The inflation rate in New Zealand, as in many countries, is on a downward trajectory – it will take a lot of stimulus form the Reserve Bank to meet its policy target agreement of maintaining the CPI between 1-3%. Westpac have forecast a drop to 0.2% in 2021 and to remain below 1% until the middle of 2022. There have been some obvious reasons for less pressure on inflation:
- Demand for goods and services both in NZ and overseas has dropped significantly and tamed any inflation. Most notably there has been a major drop in oil prices.
- The use of ecommerce and, without the overheads of rents / staff, prices are often much lower than the high street.
- With zero net migration and as excess capacity in long term rental market prices haven’t moved. Add to this the Government’s rent freeze.

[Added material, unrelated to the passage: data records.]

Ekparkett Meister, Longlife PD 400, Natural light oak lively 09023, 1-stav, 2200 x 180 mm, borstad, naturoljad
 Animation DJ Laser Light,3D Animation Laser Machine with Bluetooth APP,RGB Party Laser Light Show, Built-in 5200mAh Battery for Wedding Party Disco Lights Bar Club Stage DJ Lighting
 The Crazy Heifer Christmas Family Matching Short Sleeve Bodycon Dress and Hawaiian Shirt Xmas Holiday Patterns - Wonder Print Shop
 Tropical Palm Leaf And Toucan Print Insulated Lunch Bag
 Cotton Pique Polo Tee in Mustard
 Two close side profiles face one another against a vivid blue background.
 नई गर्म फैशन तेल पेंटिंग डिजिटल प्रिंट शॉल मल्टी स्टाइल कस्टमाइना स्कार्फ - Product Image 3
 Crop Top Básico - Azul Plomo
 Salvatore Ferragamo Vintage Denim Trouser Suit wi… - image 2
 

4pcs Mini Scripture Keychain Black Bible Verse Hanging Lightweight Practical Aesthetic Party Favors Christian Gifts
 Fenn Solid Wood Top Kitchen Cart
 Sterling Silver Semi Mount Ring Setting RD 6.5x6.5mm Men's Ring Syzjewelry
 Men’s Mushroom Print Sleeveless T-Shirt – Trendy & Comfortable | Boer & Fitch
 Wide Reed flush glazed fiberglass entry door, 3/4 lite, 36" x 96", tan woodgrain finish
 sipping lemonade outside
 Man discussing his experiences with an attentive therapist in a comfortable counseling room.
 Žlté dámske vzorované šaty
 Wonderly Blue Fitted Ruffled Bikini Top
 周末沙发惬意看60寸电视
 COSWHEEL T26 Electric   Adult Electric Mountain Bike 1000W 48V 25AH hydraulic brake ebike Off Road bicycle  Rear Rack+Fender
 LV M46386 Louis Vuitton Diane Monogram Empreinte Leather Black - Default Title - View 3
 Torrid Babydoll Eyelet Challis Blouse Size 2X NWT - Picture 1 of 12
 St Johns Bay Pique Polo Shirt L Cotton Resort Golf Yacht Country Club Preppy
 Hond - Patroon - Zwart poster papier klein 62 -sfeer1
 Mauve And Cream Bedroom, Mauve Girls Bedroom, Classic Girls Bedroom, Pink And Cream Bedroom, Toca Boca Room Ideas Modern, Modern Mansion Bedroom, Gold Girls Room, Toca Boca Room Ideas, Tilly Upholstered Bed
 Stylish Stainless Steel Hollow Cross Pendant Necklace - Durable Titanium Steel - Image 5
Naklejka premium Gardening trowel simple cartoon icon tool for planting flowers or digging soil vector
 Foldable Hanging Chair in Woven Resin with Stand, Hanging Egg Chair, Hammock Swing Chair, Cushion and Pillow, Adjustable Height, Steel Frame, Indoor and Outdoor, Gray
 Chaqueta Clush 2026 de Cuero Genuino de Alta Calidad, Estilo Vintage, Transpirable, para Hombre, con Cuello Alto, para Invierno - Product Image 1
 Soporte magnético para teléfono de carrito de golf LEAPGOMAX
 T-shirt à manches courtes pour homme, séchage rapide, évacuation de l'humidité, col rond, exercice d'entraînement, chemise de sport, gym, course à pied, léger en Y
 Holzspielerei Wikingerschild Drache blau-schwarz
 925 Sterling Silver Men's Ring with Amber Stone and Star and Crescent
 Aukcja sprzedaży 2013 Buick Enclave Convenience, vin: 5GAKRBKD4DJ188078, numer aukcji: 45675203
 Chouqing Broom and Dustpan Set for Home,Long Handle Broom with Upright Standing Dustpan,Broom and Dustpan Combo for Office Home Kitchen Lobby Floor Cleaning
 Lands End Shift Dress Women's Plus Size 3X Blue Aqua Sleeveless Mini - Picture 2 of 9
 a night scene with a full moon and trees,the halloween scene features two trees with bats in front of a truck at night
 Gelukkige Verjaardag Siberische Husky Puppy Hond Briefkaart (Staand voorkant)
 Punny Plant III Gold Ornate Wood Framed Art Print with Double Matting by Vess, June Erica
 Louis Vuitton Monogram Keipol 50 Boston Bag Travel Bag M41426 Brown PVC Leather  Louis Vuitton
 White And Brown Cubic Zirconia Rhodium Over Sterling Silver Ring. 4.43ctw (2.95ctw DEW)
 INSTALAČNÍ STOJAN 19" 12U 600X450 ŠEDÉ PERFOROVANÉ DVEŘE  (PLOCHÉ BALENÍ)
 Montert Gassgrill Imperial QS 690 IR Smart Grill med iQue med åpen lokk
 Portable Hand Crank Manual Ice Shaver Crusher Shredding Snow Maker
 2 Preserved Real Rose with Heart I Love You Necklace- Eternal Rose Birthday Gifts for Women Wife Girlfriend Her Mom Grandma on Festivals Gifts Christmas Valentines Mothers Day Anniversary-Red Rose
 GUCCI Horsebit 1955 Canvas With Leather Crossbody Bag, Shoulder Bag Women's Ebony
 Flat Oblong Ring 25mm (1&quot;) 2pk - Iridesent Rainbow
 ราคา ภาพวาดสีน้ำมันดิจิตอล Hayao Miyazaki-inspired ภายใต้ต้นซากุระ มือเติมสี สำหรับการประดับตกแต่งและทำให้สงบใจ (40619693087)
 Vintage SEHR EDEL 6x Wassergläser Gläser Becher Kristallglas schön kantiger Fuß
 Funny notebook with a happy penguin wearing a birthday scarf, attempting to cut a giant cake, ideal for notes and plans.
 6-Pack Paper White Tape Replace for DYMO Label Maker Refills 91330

- A lack of tourist dollars has meant a shift inwards of the aggregate demand curve as exports of services fall – AD = C+I+G+(X-M).
- With people having the growing uncertainty of job security there has been little additional spending or borrowing with the threat of redundancy hanging over them.
- The wage subsidy has kept some companies afloat but there has been no room for wages increases/negotiations for such uncertain times. Therefore consumer spending has been limited compared to previous years.
Important to note that inflation figures that are quoted are usually on a yearly basis so it is the change in prices from today to this time last year. It will be interesting to see what state the economy will be in this time next year.